News and Events

Synergy needed to fight corruption

Posted: 2012-02-29
Category: In the News

February 29, 2012


CORRUPTION hampers economic growth, an expert said yesterday, as he highlighted the need to engage private sector participation in the government’s anti-corruption efforts.

In a forum on Monday, Robert Klitgaard, a former faculty member of the World Economic Forum (WEF), said that aside from directly diminishing public funds, corruption also affects the economy by distorting incentives for business, increasing transaction costs and deterring investment and innovation.

"To steal a thousand, corrupt public officials waste a million," Mr. Klitgaard said, noting how public resources are often misallocated in order to derive profit.

Mr. Klitgaard cited the WEF’s latest Global Competitiveness Report, which assessed the Philippines as the third worst among 142 countries in terms of procedures to start a business.

The Philippines also performed poorly in terms of diversion of public funds (127), irregular payments and bribes (119), favoritism by public officials (118) and burden of customs procedures (128).

Although the country placed 75th in the 2011-2012 list, rising from rank 85 in previous report, Mr.
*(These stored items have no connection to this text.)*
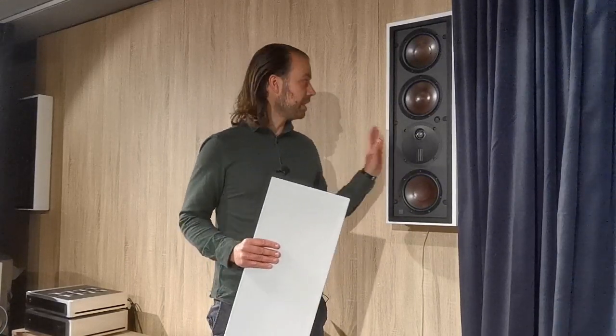If you prefer placing your speakers on the wall instead of in the wall, we offer on-wall frames for both the M-Series and the S-Series for easy installation.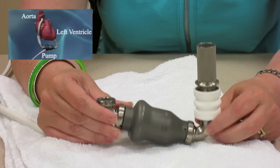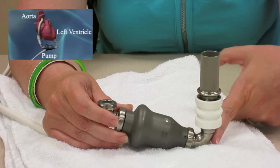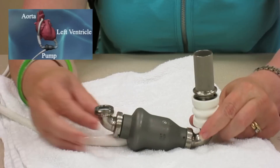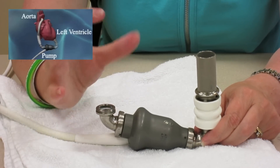This is the part of the pump that is implanted in you. This is sewn into your left ventricle. Blood comes out through the pump, and out here there's another hose attached which is sewn into your aorta.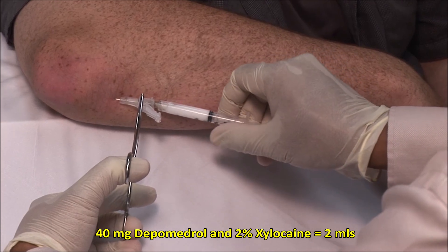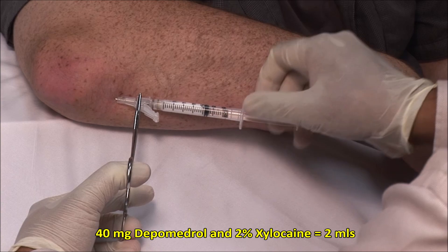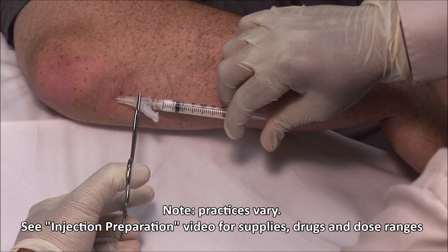Here I am injecting a mixture of 40 mg of depo-medrol and 2% xylocaine made up to a volume of 2 mls. It should go in freely.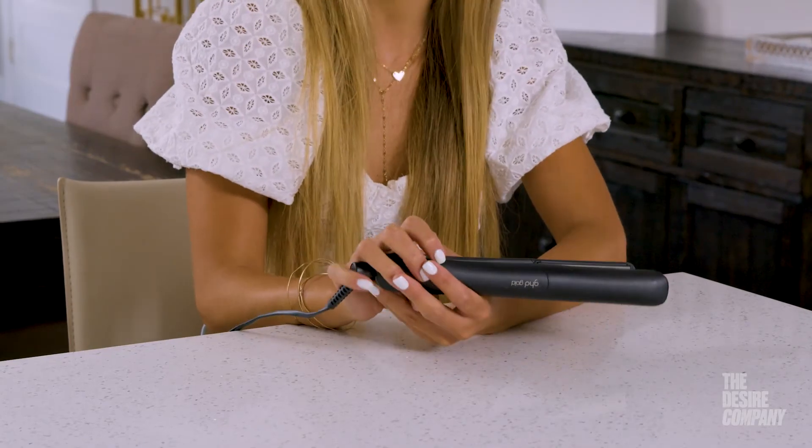It also has an automatic heat setting, so what that means is you don't have to worry about setting the temperature for your flat iron and worrying about frying your hair. It actually adjusts to the porosity of your hair and doesn't go higher than that.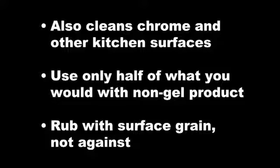Tips to remember: Fuller Brush Micro-encapsulated Stainless Steel Gel Cleaner also cleans chrome and other common kitchen surfaces. When using a gel product, use only about half as much as you would of a non-gel product. When cleaning stainless steel, make sure to rub with the grain and not against the grain of the surface.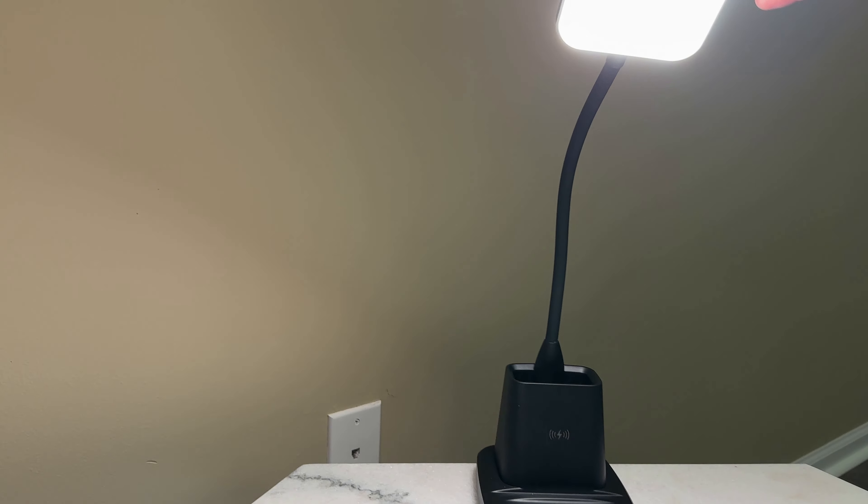Hold it and make it dimmer, tap it again and brighter. So you can control the brightness to whatever setting you want just from the press of this button, and control the warmth of the light by clicking on that button. And I no longer need this cable at the side of my end table because I can just use the wireless charging.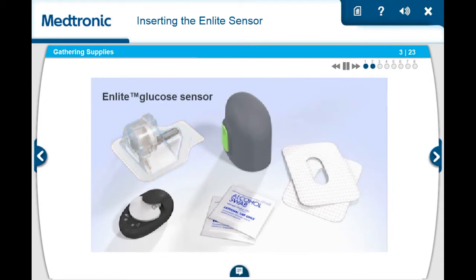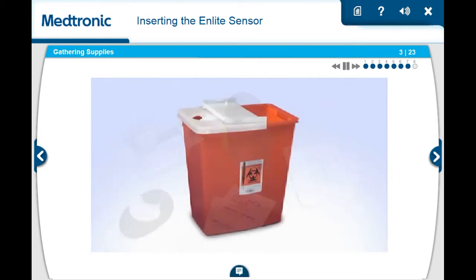An nLite glucose sensor. The one-press serter. Sensor overtape. A Guardian 2 Link transmitter that has been fully charged. An alcohol wipe. A sharps container.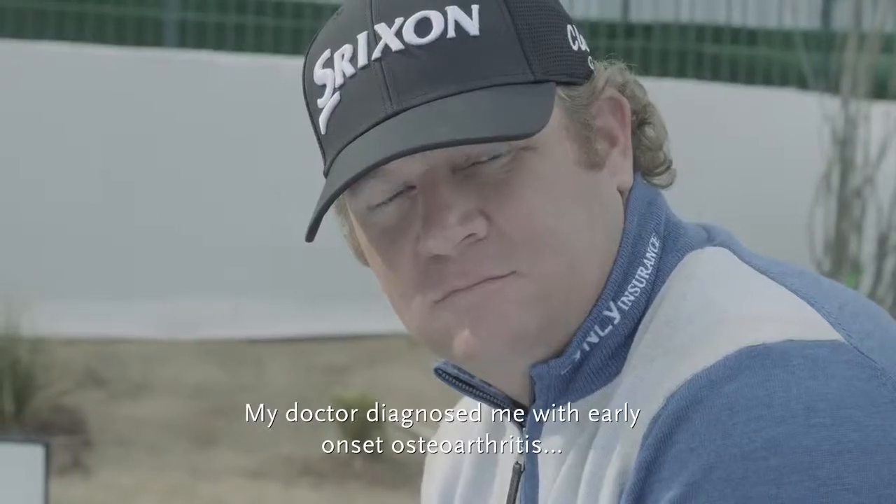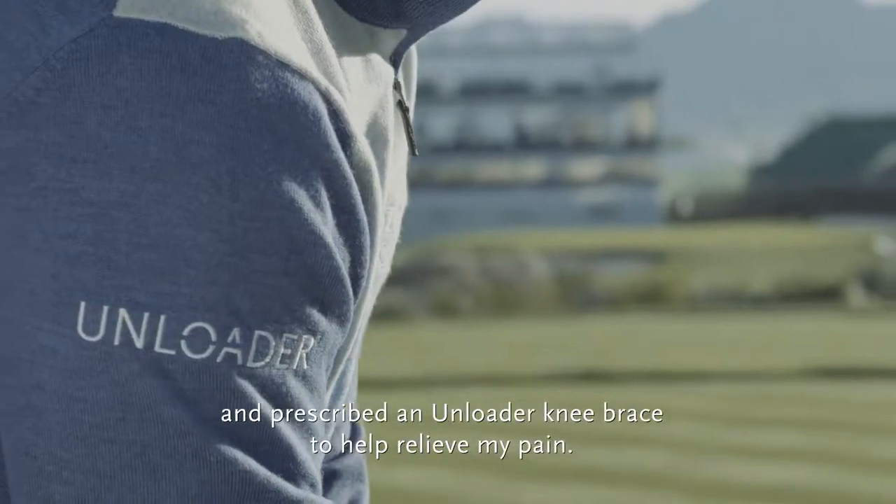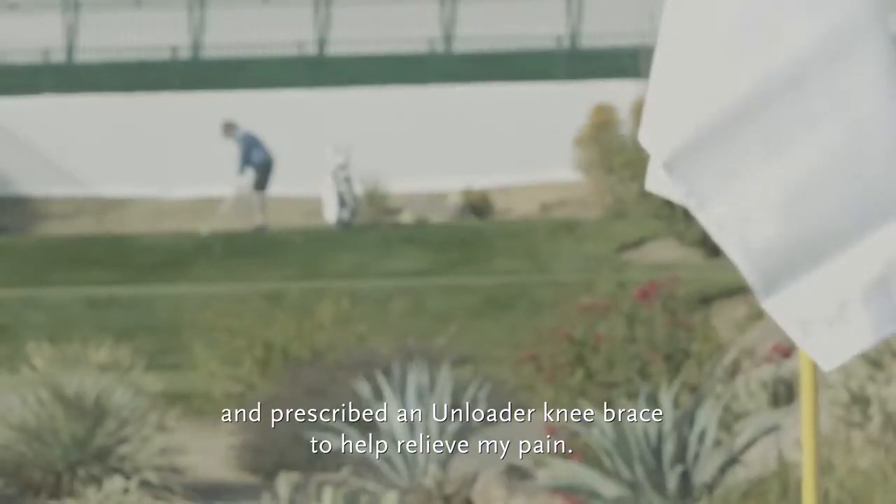My doctor diagnosed me with early onset osteoarthritis and prescribed an Unloader knee brace to help relieve my pain.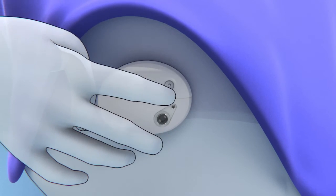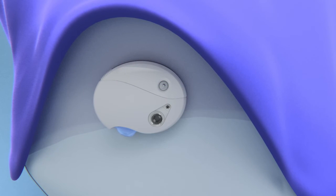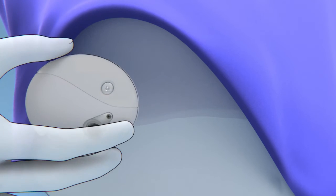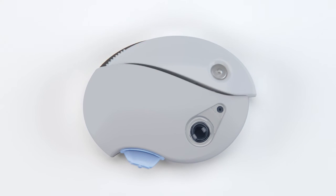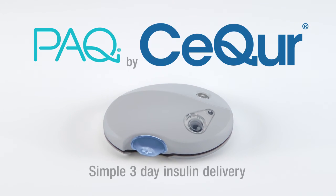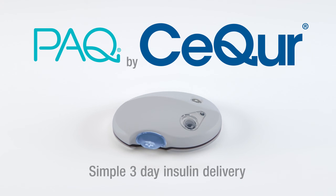By pressing the messenger unit button, a discreet vibration will indicate if it's time to change the device. After three days, PAK is simply removed and the messenger unit is attached to a new infuser. PAK provides all your insulin needs, enabling a life free from the burden of insulin injections.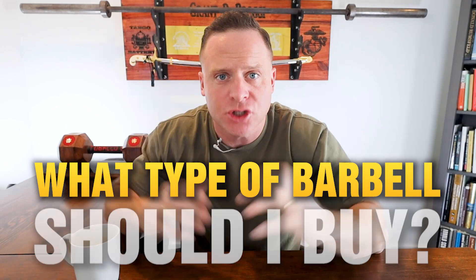Hey guys and welcome back. It's Grant from The Strength Co. Today I want to talk about what type of barbell should you buy? If you like the video, like and subscribe to the channel.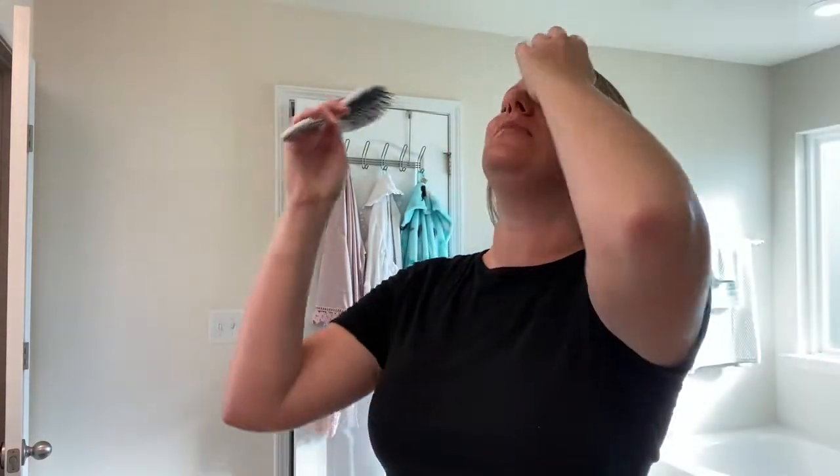It's 2:46 now, so that took 11 minutes — exactly how long I thought it was going to take.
Klitgaard said the Philippines could have been ranked higher, given that it fared better than some developed economies in terms of availability of finance (50), and its affordability (42), local equity market (44), banks (46) and staff training (34).

Mr. Klitgaard also cited a 2007 study, which said that about 60% of the countries’s gross domestic product is lost due to corruption.

"Sustainable anti-corruption efforts require strong actions from government, business, civil society organizations and the press," he said.

Mr. Klitgaard added that anti-corruption campaigns can also be opportunities for public-private partnerships, citing as an example the campaign jointly implemented by the private and youth sector and the Justice and Education departments in Indonesia.

"Schoolchildren run the small stores and canteens without a cash register and only a box where they put the money, which they then remit to their teachers," Mr. Klitgaard said.

He also urged the use of social media in anti-corruption efforts, citing, a Web site that has been used as a complaint mechanism for bribery, extortion and other corrupt practices in India.

Mr. Klitgaard, however, noted that administrative reforms need to be put in place in order to prevent corruption, highlighting the need to avoid "capitulation wages," or income thresholds which make government employees and officials vulnerable to corruption.

"If the chances of getting caught and the penalties are low, watch out [for corruption]," he said.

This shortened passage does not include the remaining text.